# The Bare Shaft Planing Test Had Two Fathers (At Least)

Actually I am guessing more than two, but the modern test seems to have had two.

Max Hamilton (1963) And the Basic Test
A gentleman named Max Hamilton is credited with having invented the basic test. This test is to shoot bare shafts (only) into a target about two paces away. The first thing to look for is are the arrows straight into the target or are the nocks high or low. In the nock high case, one concludes that the nocking point of the arrow on the string is too high; in the nock low result, the nocking point is too low. The nocking point is adjusted and the test repeated until the nocks are level with the shafts.

Then one examines whether the arrows kick left or right (if they do, this is ignored until the nocking point position is corrected). If the nocks of the bare shafts are to the right, this indicates that the arrows are too stiff for the bow, if the nocks are leaning to the left, the arrows are too weak.

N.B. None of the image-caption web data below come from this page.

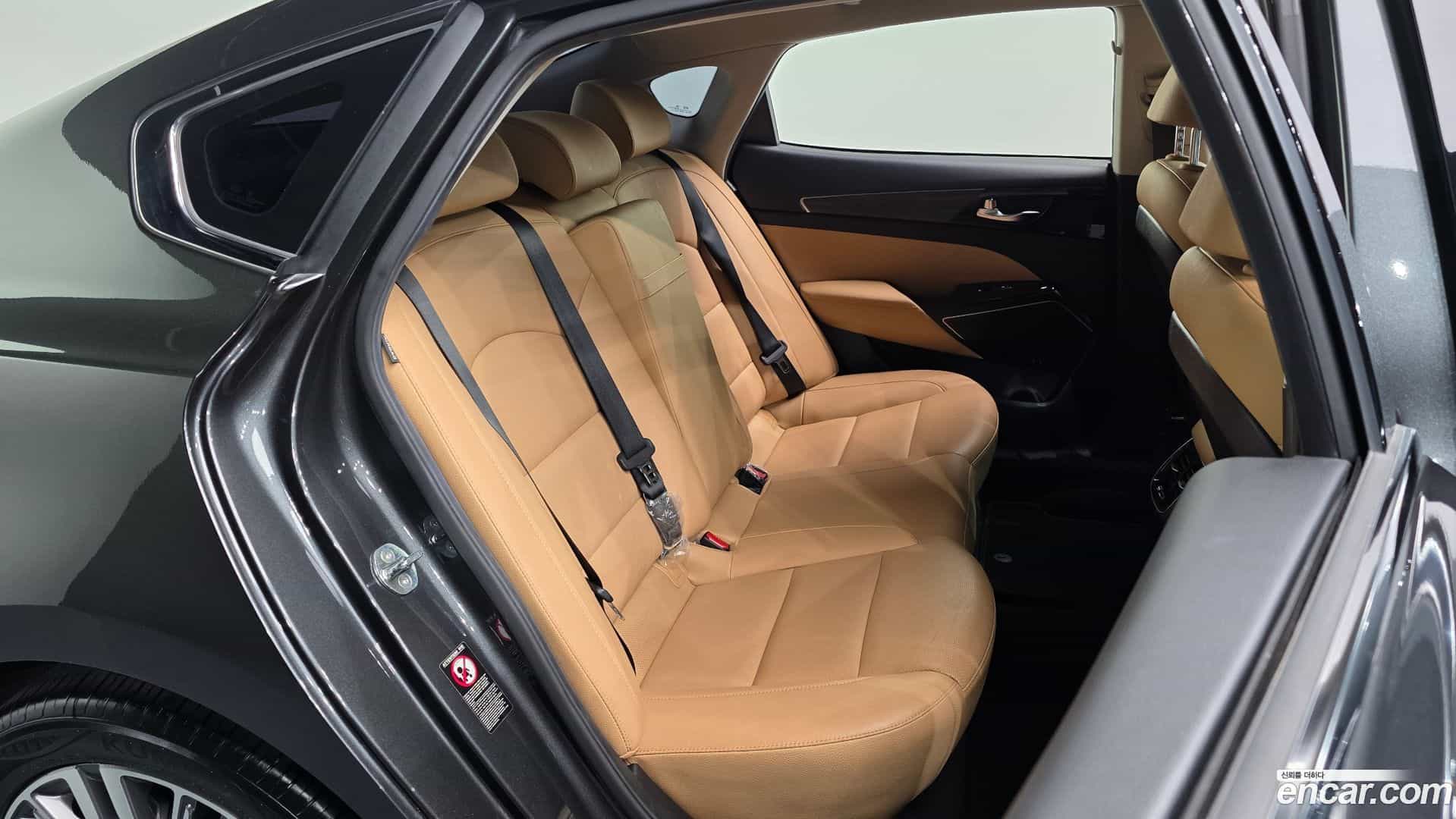 K7 Kia 2021.0-OPTION-015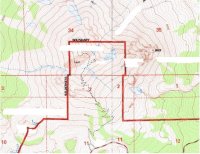 linkpdf.jpg linkpdf.jpg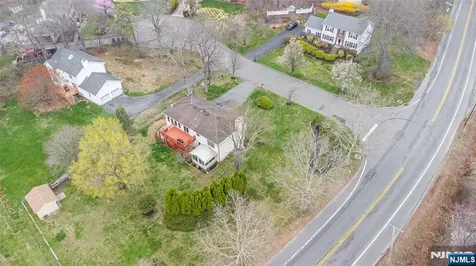 1 Old Timbers Court Roxbury Township NJ 07847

Today we have a great many ways of adjusting the bows to make a spine match and get the bare shafts flying straight from the bow. Back then the options were more limited. (I know people who sanded wood arrows to make them less stiff!)

Obviously, if the bare shafts are leaving the bow in a “straight” orientation, there is less for the fletches to correct.

Ed Eliason (1960s?) And the Modern Test
The modern test is attributed to Ed Eliason, one of the U.S.’s most accomplished archers.

This is the test we are all familiar with. At short distance (< five paces) three fletched and two bare shafts are shot. We look to see that the fletched shafts grouped and the bare shafts grouped. If they did not, then that test is scrapped and a “do over” is in order.

The test is interpreted according to the relative positions of the two groups. If the bare shafts are higher or lower than the fletched, the nocking point position needs adjusting. This is always done first. If the bare shafts hit to the right or left of the fletched group, then the arrows are too stiff (left) or too weak (right). (Note These are all for right-handed archers. If your archer is left-handed, you need to switch all lefts and rights.) Shafts that are just a tad too stiff or too weak may be able to be adjusted using cushion button pressure. If they are more than that, almost all modern bows have adjustable limb pockets that allow for draw weight changes (too stiff arrows need more draw weight, etc.). Arrows can adjusted, too. They can be cut shorter to stiffen them, for example.

More Than Two Inventors?
The reason that I think there were more than two people whose fingerprints are on this bow-arrow test is I have read and heard considerable information from trad shooters who describe tuning by shooting arrows into loose piles of dirt or sand. They were looking for the arrows entering the pile straight. If the nocks kicked left, right, high, or low, they made adjustments.

Adjustments to all wood bows involved sanding/scraping the limbs to drop the bow’s draw weight, cutting the limbs off a bit to raise the draw weight, changing the brace height, sanding the arrows to make them less stiff, I even know an archer who added layers of arrow lacquer to his arrows to make them heavier.

Since these “tests” of the bow-arrow system go quite far back in time, and are known today, I suspect they were background knowledge for people like Max and Ed. Before these “modern” tuning tests were invented, what did people do to tune their bows? I have to assume they did something. And that the “something” was informed by what people did in their past.